Lemon tiramisu is made with lemon curd, lemon syrup, and mascarpone cheese. Leftovers keep in the refrigerator for 3 days.
1 1/2 cups lemon juice
2 cups white sugar
4 eggs
4 egg yolks
1/8 teaspoon salt
1 cup unsalted butter, cut into cubes
1/2 teaspoon vanilla extract
Syrup
1 1/2 cups white sugar
3 (1-inch) strips of lemon peel
1/2 cup lemon juice
2/3 cup limoncello liqueur
Mascarpone Layer
2 cups heavy cream
1/2 cup powdered sugar
24 ounces mascarpone cheese
1 tablespoon lemon zest
10 ounces crisp ladyfingers (about 39 larger or 57 smaller ladyfingers)

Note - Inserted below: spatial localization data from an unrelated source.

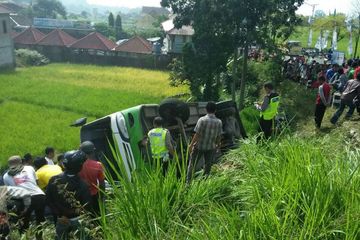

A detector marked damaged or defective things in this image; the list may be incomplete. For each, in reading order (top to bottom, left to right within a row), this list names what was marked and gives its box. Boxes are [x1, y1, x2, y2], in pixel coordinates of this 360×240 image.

overturned bus [75, 98, 246, 179]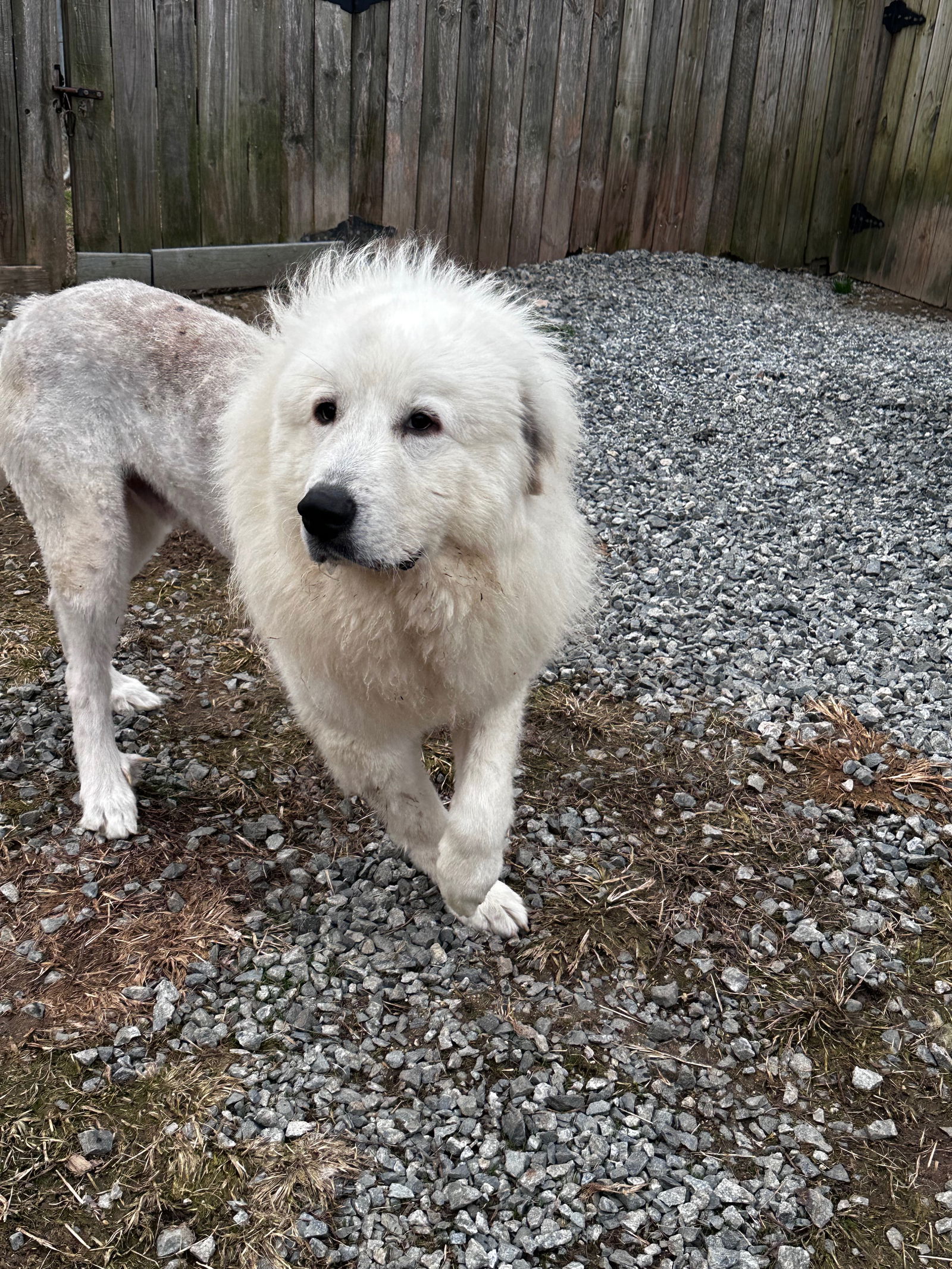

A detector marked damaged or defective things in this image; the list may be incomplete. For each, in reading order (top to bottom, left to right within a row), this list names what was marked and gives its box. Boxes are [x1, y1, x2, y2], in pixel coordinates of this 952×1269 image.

rusty latch hardware [883, 1, 929, 34]
rusty latch hardware [52, 64, 103, 137]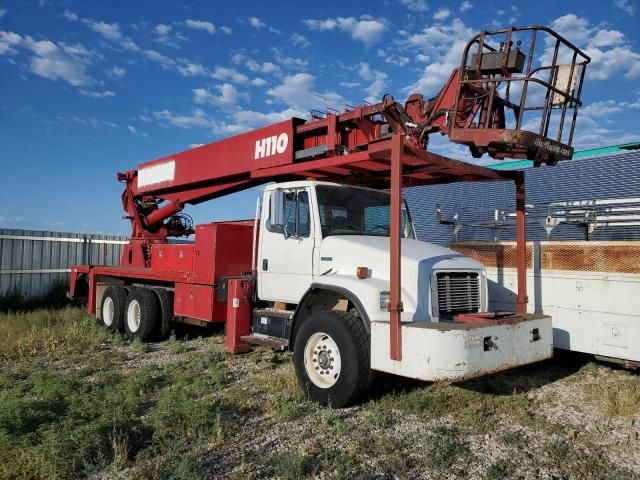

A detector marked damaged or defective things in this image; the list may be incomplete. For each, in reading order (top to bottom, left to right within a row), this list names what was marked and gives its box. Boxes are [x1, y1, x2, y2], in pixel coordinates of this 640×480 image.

rusty metal surface [450, 242, 640, 272]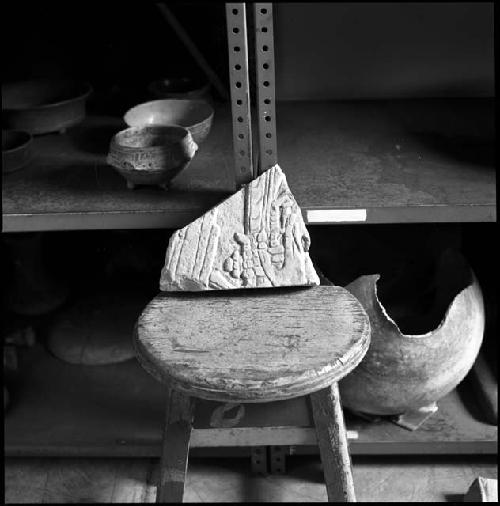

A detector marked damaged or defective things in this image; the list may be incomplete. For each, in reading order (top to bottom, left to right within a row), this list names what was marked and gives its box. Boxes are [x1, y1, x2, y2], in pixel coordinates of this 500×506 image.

broken clay pot [340, 251, 484, 418]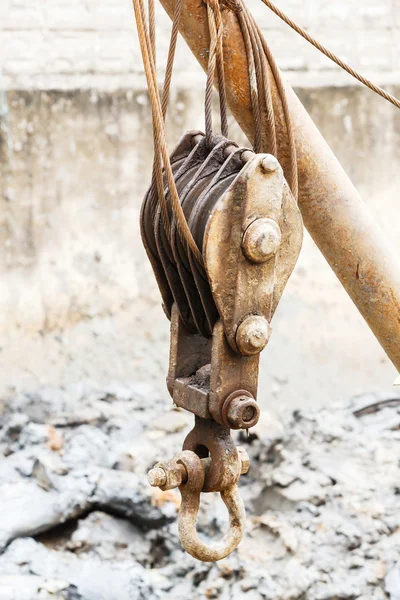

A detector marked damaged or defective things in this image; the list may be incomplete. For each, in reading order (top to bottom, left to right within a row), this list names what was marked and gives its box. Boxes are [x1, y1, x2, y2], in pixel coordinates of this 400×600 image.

rusty metal [144, 136, 300, 556]
rusty metal [155, 0, 400, 372]
rusted pipe surface [156, 0, 400, 372]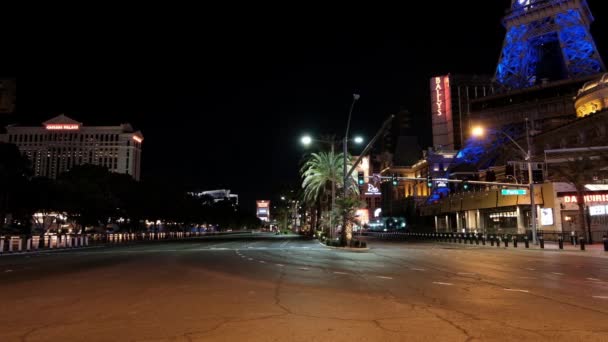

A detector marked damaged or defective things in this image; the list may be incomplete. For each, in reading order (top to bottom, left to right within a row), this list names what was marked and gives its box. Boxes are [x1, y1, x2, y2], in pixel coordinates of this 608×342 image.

cracked asphalt [1, 234, 608, 340]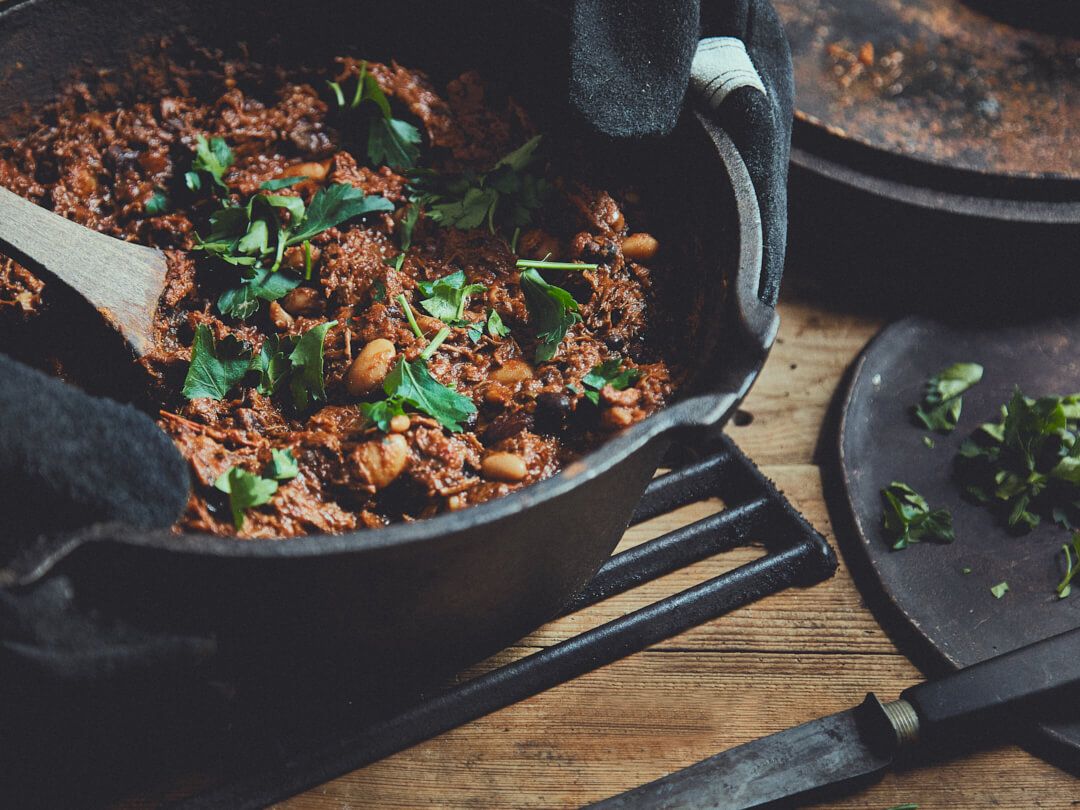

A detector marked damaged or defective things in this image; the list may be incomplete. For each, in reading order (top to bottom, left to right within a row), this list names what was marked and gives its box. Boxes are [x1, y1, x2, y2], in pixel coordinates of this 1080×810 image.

rusty metal surface [777, 0, 1080, 180]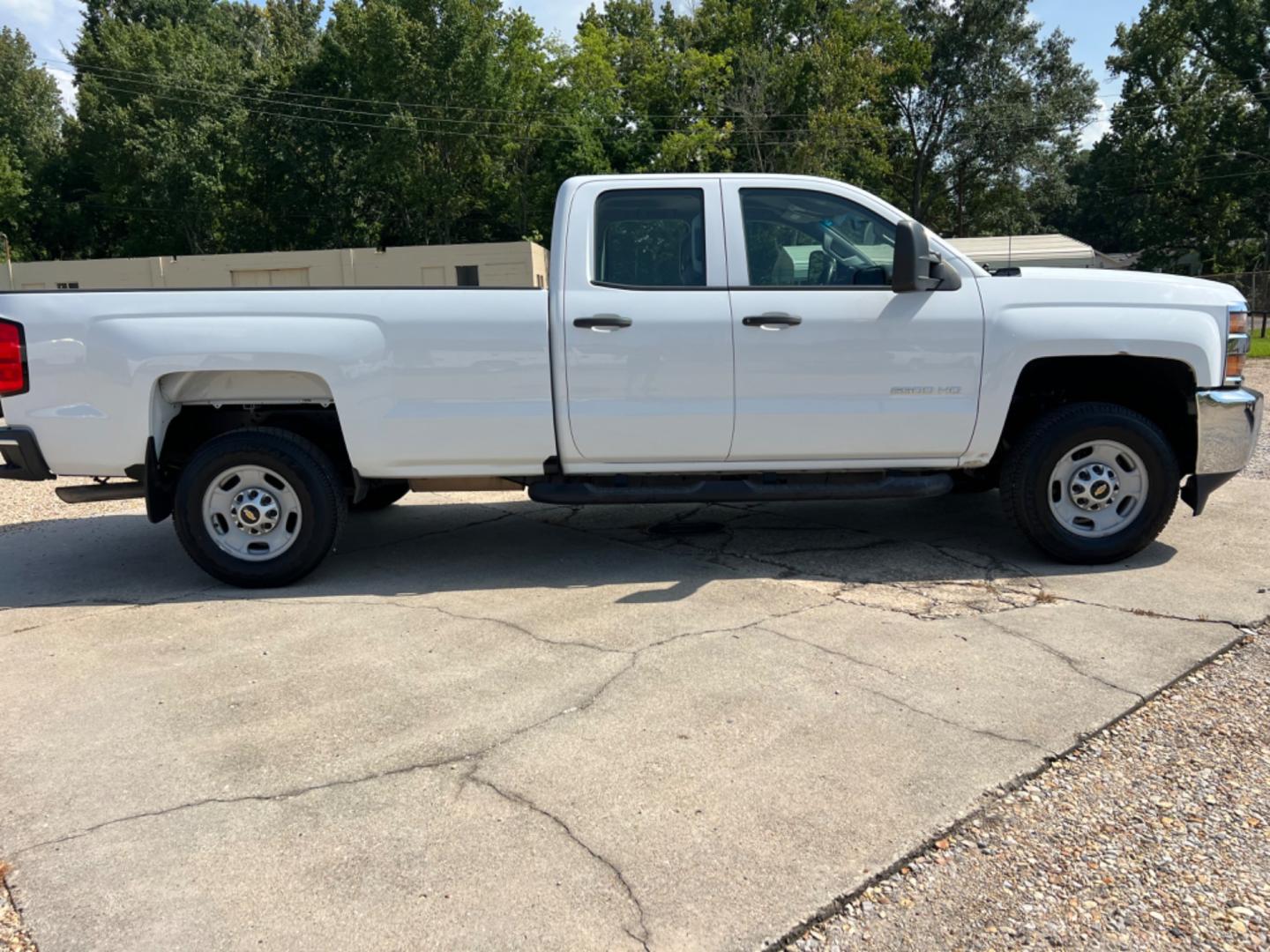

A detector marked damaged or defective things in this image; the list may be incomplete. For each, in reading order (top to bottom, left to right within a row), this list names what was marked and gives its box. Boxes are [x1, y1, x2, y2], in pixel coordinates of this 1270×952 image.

For Lemon Curd: Combine lemon juice, 2 cups white sugar, eggs, egg yolks, and salt in a large non-reactive saucepan.
Cook, stirring constantly, over medium until mixture thickens and starts to bubble. Cook over medium-low heat for 2 minutes more. Remove from heat.
Strain through a fine mesh sieve into a medium bowl.
Stir in butter and vanilla. Cover surface with plastic wrap. Refrigerate 1 to 2 hours or until chilled**. (Lemon curd can be made up to a week ahead.) Reserve 1/4 cup lemon curd before assembling tiramisu.
For Syrup: Combine 1 1/2 cup sugar, lemon peel, lemon juice and limoncello in a small non-reative* saucepan. Bring to a boil over medium-high heat, stirring occasionally. Cook until sugar melts.